Ese terreno es el de la influencia, e intentaremos descifrarlo aquí. En primer lugar, aclarando el concepto mismo. En relaciones internacionales, ese término no se confunde con el soft power y merece ser analizado a la luz de nuevas pistas para entender mejor las estrategias de Estado que se resumen en la expresión de diplomacias de influencia y tratan de apoyarse en agentes no estatales.
Luego, habrá que dedicarse a establecer una tipología de las prácticas. Aunque el término soft power fue formulado por un autor estadounidense (Joseph S. Nye) para designar, fundamentalmente, las prácticas de su país, la práctica de la influencia no es un monopolio de las democracias norteamericanas o europeas.

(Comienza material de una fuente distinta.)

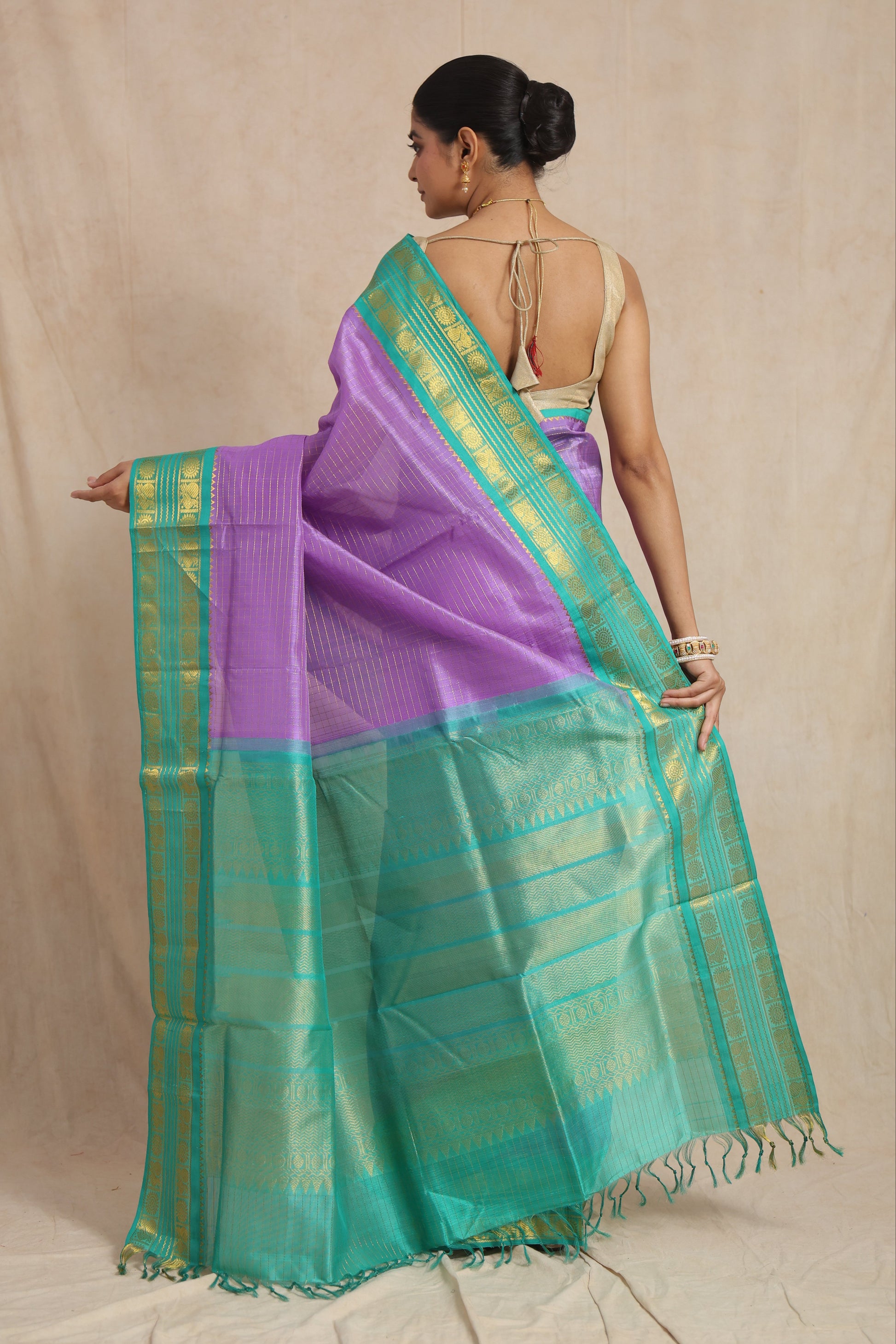 Back drape view of lavender Kanchipuram Sico saree with rich aqua pallu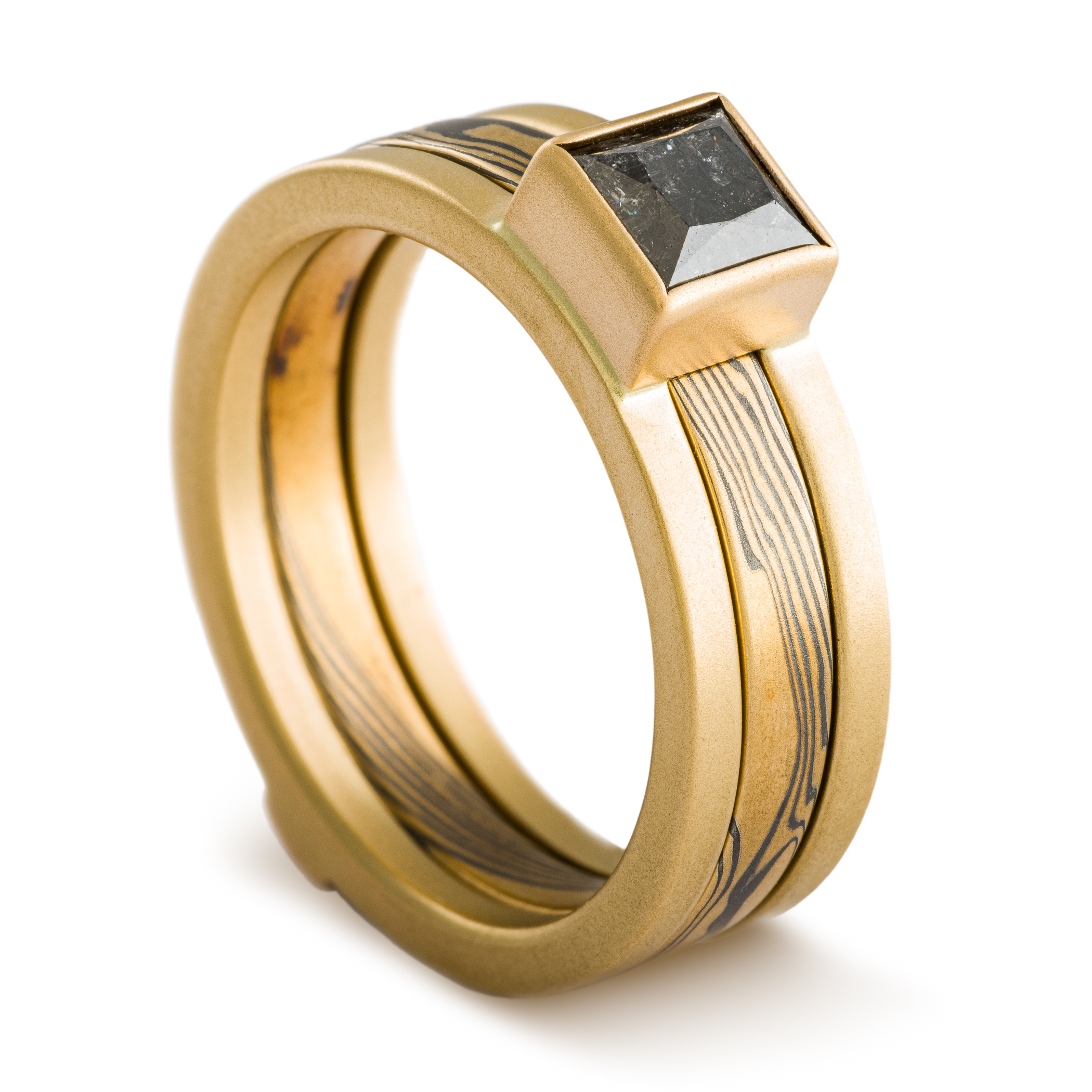 Mokume Gane gold and silver ring with gold ring guard with square black diamond.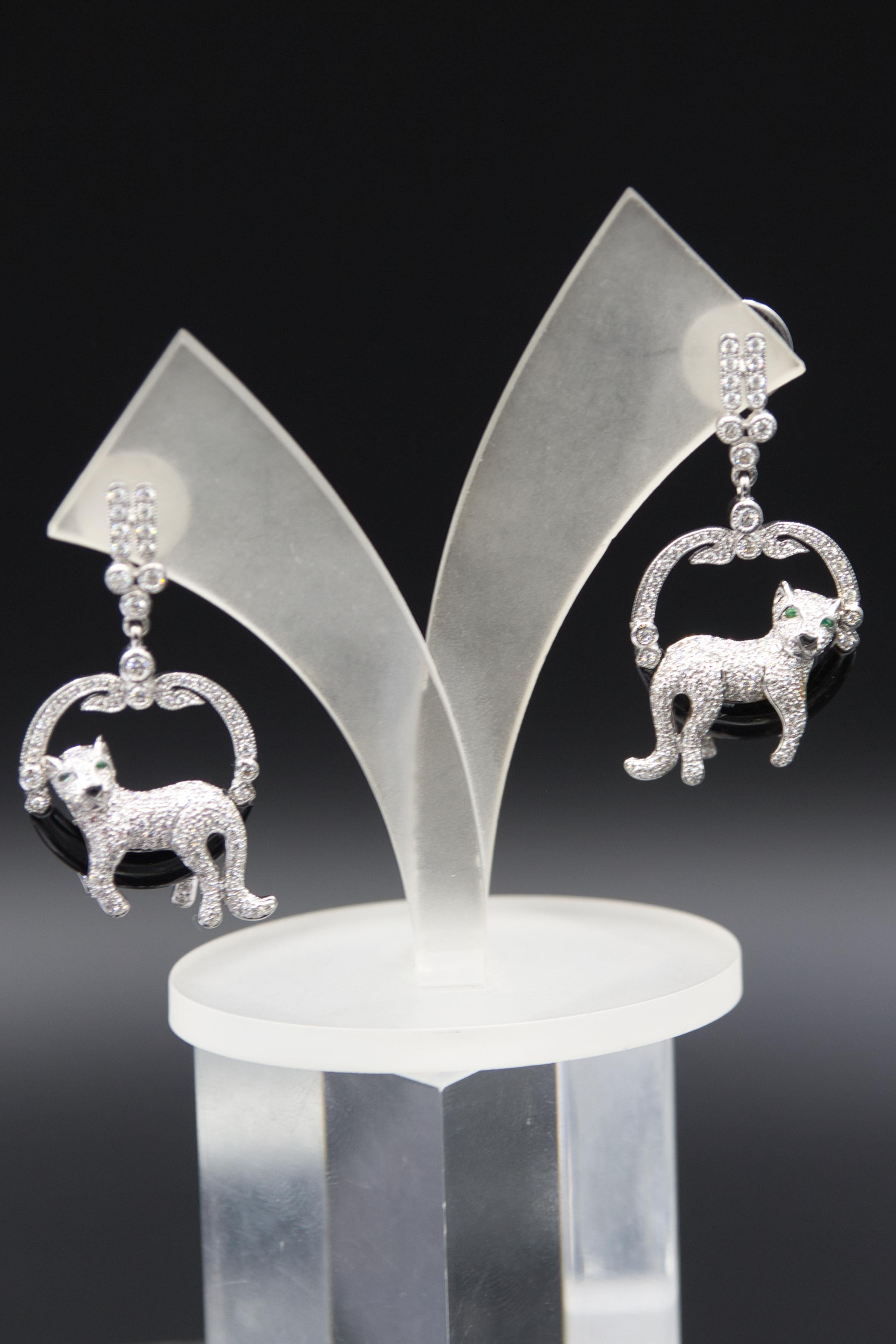 18 k white gold
1,62 ct diamant
0,18 ct emerald
14,2 gram
ca. 4 cm long


These elegant earrings are crafted from 18-karat white gold and feature an artistic panther design. They are set with a total of 1.62 carats of diamonds, which cover the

Se distinguen tres modelos. El primero muestra una variante liberal y democrática, que tiende a estructurar el sistema internacional difundiendo sus valores. El segundo ofrece una variante más autoritaria: para oponerse al éxito de los valores occidentales, desarrolla ofensivas desestabilizadoras y revela ambiciones de reestructuración regionales. Existe, además, una tercera variante, proselitista, por ejemplo, en el Golfo, que se basa tanto en solidaridades comunitarias como en redes financieras. El análisis de estos mecanismos permitirá hablar del lugar y de las formas que podrían tener las prácticas de la influencia en el mundo de mañana y averiguar si Europa, y Francia en particular, está en condiciones de responder a ese desafío. (…)
☛ Título: Guerras de influencia
☛ Autor: Frédéric Charillon
☛ Editorial: El Ateneo
Datos sobre el autor
Frédéric Charillon nació en Francia. Es profesor en Ciencias Políticas en la Universidad de Clermont-Auvergne, coordinador de la enseñanza de Asuntos Internacionales en la Escuela Nacional de Administración (ENA) y asesor de Diplomacia y Defensa en la Escuela Superior de Ciencias Económicas y Comerciales de Francia (Essec, por sus siglas en francés).
Dicta clases en el Instituto de Estudios Políticos de París y en la Universidad Euromediterránea de Fez, Marruecos.
Cofundó y dirigió el Instituto de Investigaciones Estratégicas de la Escuela Militar. Realizó numerosos trabajos de investigación y artículos de divulgación.